Logo Questions Linux Laravel Mysql Ubuntu Git Menu
 

CouchDB attachment manipulation before document update

Tags:

couchdb

I have the requirement to transform images attached to every document (actually need images to be shrinked to 400px width). What is the best way to achieve that? Was thinking on having nodejs code listening on _changes and performing necessary manipulations on document save. However, this have bunch of drawbacks: a) document change does not always means that new attachment was added b) all the time we have to process already shrinked images (at least check image width)

like image 690
Archer Avatar asked Apr 07 '12 09:04

Archer


1 Answers

I think you basically have some data in a database and most of your problem is simply application logic and implementation. I could imagine a very similar requirements list for an application using Drizzle. Anyway, how can your application "cut with the grain" and use CouchDB's strengths?

A Node.js _changes listener sounds like a very good starting point. Node.js has plenty of hype and silly debates. But for receiving a "to-do list" from CouchDB and executing that list concurrently, Node.js is ideal.

Memoizing

I immediately think that image metadata in the document will help you. Fetching an image and checking if it is 400px could get expensive. If you could indicate "shrunk":true or "width":400 or something like that in the document, you would immediately know to skip the document. (This is an optimization, you could possibly skip it during the early phase of your project.)

But how do you keep the metadata in sync with the images? Maybe somebody will attach a large image later, and the metadata still says "shrunk":true. One answer is the validation function. validate_doc_update() has the privilege of examining both the old and the new (candidate) document version. If it is not satisfied, it can throw() an exception to prevent the change. So it could enforce your policy in a few ways:

  • Any time new images are attached, the "shrunk" key must also be deleted
  • Or, your external Node.js tool has a dedicated username to access CouchDB. Documents must never set "shrunk":true unless the user is your tool

Another idea worth investigating is, instead of setting "shrunk":true, you set it to the MD5 checksum of the image. (That is already in the document, in the ._attachments object.) So if your Node.js tool sees this document, it knows that it has work to do.

{ "_id": "a_doc"
, "shrunk": "md5-D2yx50i1wwF37YAtZYhy4Q=="
, "_attachments":
  { "an_image.png":
    { "content_type":"image/png"
    , "revpos": 1
    , "digest": "md5-55LMUZwLfzmiKDySOGNiBg=="
    }
  }
}

In other words:

if(doc.shrunk == doc._attachments["an_image.png"].digest)
  console.log("This doc is fine")
else
  console.log("Uh oh, I need to check %s and maybe shrink the image", doc._id)

Execution

I am biased because I wrote the following tools. However I have had success, and others have reported success using the Node.js package Follow to watch the _changes events: https://github.com/iriscouch/follow

And then use Txn for ACID transactions in the CouchDB documents: https://github.com/iriscouch/txn

The pattern is,

  • Run follow() on the _changes URL, perhaps with "include_docs":true in the options.
  • For each change, decide if it needs work. If it does, execute a function to make the necessary changes, and let txn() take care of fetching and updating, and possible retries if there is a temporary error.

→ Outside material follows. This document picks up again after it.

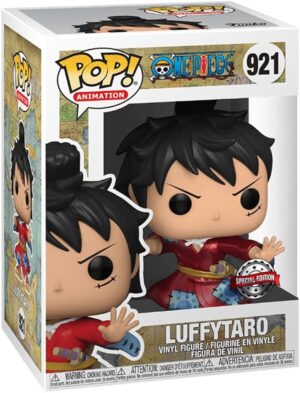 Funko Pop:One Piece  Luffy in Kimono(MT) Exclusive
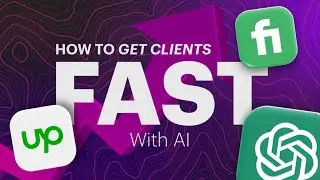 Win Freelance Jobs in 2 Minutes with AI [FREE WORKFLOW PDF]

For example, Txn helps you atomically resize the image and also update the metadata, pretty easily.

Finally, if your program crashes, you might fetch a lot of documents that you already processed. That might be okay (if you have your metadata working); however you might want to record a checkpoint occasionally. Remember which changes you saw.

var db = "http://localhost:5984/my_db"
var checkpoint = get_the_checkpoint_somehow() // Synchronous, for simplicity

follow({"db":db, "since":checkpoint}, function(er, change) {
  if(change.seq % 100 == 0)
    store_the_checkpoint_somehow(change.seq) // Another synchronous call
})

Work queue

Again, I am embarrassed to point to all my own tools. But image processing is a classic example of a work queue situation. Every document that needs work is placed in the queue. An unlimited, elastic, army of workers receives a job, fixes the document, and marks the job done (deleted).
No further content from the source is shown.